• Task to carry out
Scan the entries for the word "photography" and return every line that has it.

Given data START

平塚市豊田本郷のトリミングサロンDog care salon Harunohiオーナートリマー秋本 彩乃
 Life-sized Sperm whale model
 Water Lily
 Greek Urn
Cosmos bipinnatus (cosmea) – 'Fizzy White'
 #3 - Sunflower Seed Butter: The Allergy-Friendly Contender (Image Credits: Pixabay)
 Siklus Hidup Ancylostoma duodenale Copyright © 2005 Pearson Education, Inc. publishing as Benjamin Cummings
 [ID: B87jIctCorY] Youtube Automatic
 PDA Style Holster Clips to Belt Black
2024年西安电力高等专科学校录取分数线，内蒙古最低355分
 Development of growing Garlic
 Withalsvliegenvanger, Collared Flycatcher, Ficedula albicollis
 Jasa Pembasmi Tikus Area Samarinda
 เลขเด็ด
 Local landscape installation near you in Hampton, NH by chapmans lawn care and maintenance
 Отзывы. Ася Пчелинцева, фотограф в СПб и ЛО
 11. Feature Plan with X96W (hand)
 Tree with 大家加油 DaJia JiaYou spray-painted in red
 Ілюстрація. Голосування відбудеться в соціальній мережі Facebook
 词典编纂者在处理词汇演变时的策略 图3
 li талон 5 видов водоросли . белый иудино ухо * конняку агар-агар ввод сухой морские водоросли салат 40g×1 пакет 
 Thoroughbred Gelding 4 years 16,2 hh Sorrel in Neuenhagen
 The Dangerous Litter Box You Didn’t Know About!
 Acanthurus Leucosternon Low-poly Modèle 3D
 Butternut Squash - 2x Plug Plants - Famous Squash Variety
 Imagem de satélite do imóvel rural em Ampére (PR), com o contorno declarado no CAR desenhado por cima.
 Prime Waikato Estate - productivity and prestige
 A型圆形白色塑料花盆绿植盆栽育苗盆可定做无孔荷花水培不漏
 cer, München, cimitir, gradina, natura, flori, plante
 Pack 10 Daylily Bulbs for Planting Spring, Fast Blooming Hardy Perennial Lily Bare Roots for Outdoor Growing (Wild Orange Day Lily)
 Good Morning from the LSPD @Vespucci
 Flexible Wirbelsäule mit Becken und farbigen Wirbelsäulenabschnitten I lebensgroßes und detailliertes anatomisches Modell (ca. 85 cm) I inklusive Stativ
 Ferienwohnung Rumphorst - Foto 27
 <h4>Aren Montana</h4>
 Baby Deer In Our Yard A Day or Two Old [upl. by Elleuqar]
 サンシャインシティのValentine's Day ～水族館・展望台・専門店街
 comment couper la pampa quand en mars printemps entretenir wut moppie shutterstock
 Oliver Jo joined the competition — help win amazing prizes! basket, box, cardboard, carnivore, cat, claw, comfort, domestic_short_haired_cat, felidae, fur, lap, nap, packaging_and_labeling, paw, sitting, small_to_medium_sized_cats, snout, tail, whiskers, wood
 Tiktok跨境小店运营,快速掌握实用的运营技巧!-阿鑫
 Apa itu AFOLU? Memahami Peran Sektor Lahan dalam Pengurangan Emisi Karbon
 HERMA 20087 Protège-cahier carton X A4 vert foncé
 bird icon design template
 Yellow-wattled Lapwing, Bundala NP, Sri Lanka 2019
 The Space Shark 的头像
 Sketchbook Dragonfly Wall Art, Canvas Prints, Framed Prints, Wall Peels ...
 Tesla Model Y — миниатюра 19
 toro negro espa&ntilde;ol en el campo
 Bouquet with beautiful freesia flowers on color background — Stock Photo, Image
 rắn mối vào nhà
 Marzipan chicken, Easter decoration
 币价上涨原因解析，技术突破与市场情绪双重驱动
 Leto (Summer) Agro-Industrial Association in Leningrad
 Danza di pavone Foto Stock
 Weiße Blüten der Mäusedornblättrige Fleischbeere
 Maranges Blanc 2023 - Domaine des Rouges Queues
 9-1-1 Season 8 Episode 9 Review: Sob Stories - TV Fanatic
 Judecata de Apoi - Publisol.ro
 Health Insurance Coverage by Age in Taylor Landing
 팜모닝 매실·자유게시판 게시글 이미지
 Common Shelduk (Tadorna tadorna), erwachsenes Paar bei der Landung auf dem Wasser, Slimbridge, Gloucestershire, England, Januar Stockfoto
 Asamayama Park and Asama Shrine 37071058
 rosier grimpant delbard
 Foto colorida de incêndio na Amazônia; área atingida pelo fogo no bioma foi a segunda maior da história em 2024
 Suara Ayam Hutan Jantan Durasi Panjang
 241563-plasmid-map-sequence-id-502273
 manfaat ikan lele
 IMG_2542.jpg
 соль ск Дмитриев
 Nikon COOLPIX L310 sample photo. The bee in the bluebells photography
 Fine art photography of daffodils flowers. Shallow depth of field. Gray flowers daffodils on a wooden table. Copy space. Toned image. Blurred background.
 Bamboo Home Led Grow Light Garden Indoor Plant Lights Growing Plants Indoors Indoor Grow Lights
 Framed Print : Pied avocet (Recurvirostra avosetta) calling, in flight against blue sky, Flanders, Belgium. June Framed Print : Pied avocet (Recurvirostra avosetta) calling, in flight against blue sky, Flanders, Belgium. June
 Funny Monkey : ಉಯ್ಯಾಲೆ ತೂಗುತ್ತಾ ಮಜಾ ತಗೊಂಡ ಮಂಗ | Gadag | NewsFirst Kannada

Given data END

• Output below
 Nikon COOLPIX L310 sample photo. The bee in the bluebells photography
 Fine art photography of daffodils flowers. Shallow depth of field. Gray flowers daffodils on a wooden table. Copy space. Toned image. Blurred background.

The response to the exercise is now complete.